§ **WORK TASK**
Begin at the line below that has "٢ غرف نوم واحده منها سويت" and stop after the line that has "世界洪门总会向全球华人社会扔". Please restate only those lines, word for word.

§ **DATA EXTRACT**
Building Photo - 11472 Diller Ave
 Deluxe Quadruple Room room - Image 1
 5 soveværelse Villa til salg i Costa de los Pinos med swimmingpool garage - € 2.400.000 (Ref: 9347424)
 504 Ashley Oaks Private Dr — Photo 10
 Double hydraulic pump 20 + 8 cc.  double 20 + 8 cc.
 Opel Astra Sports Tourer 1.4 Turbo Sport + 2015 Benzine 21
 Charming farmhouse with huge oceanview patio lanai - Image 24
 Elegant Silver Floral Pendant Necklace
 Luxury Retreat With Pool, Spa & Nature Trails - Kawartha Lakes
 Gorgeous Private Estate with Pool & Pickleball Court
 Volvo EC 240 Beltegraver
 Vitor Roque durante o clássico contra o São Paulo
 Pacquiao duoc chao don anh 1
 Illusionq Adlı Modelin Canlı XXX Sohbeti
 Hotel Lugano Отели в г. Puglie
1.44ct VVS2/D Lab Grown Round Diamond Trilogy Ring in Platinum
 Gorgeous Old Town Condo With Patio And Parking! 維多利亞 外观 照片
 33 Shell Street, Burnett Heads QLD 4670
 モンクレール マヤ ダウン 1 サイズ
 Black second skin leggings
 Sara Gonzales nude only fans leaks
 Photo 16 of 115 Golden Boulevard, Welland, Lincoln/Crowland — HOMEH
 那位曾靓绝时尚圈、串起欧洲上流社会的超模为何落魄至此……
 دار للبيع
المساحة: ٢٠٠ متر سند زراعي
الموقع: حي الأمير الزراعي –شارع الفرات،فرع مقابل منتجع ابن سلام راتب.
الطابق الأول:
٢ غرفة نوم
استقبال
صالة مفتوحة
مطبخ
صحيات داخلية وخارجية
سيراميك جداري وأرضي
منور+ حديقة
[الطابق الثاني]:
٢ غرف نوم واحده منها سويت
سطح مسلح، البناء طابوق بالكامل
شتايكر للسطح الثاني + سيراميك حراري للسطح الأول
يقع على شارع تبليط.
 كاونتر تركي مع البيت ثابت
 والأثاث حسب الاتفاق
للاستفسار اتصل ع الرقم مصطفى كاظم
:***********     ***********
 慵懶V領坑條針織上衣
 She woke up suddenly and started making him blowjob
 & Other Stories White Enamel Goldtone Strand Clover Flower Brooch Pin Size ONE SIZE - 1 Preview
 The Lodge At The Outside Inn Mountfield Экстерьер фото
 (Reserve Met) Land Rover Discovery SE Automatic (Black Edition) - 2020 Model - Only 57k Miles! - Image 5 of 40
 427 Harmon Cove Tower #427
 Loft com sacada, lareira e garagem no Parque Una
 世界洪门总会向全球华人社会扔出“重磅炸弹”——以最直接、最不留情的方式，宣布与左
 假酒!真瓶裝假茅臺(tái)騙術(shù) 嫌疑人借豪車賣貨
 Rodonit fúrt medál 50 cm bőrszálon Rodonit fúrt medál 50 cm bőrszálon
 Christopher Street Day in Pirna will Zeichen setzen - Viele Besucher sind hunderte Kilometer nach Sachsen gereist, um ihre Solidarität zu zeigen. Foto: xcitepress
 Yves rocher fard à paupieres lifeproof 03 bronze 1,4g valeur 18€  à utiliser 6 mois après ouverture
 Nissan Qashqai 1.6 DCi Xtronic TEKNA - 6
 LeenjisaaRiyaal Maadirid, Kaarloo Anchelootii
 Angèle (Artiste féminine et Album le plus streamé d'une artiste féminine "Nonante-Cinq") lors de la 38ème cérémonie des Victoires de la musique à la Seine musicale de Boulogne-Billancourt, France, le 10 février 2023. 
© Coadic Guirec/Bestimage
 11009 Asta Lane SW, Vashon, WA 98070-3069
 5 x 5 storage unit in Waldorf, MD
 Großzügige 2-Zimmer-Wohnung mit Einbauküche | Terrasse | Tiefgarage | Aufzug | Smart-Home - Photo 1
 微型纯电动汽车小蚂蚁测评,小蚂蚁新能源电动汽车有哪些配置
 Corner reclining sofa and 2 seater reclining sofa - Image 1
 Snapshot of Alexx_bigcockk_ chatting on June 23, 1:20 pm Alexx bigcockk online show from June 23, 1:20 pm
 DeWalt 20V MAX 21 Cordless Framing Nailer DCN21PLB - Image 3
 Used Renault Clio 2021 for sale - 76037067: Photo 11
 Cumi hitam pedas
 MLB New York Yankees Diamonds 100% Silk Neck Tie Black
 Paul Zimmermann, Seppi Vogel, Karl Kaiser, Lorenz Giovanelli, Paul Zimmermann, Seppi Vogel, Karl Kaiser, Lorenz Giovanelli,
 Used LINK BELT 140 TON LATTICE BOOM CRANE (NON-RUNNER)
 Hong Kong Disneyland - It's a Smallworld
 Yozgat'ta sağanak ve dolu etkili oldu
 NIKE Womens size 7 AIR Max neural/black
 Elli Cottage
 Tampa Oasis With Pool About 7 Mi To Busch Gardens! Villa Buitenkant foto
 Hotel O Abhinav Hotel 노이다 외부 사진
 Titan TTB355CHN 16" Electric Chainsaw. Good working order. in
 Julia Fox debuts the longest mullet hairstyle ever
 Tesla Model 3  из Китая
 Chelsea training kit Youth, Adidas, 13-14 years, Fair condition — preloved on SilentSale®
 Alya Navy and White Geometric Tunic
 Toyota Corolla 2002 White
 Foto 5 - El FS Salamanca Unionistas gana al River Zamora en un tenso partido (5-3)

§ **COMPLETED TASK**
٢ غرف نوم واحده منها سويت
سطح مسلح، البناء طابوق بالكامل
شتايكر للسطح الثاني + سيراميك حراري للسطح الأول
يقع على شارع تبليط.
 كاونتر تركي مع البيت ثابت
 والأثاث حسب الاتفاق
للاستفسار اتصل ع الرقم مصطفى كاظم
:***********     ***********
 慵懶V領坑條針織上衣
 She woke up suddenly and started making him blowjob
 & Other Stories White Enamel Goldtone Strand Clover Flower Brooch Pin Size ONE SIZE - 1 Preview
 The Lodge At The Outside Inn Mountfield Экстерьер фото
 (Reserve Met) Land Rover Discovery SE Automatic (Black Edition) - 2020 Model - Only 57k Miles! - Image 5 of 40
 427 Harmon Cove Tower #427
 Loft com sacada, lareira e garagem no Parque Una
 世界洪门总会向全球华人社会扔出“重磅炸弹”——以最直接、最不留情的方式，宣布与左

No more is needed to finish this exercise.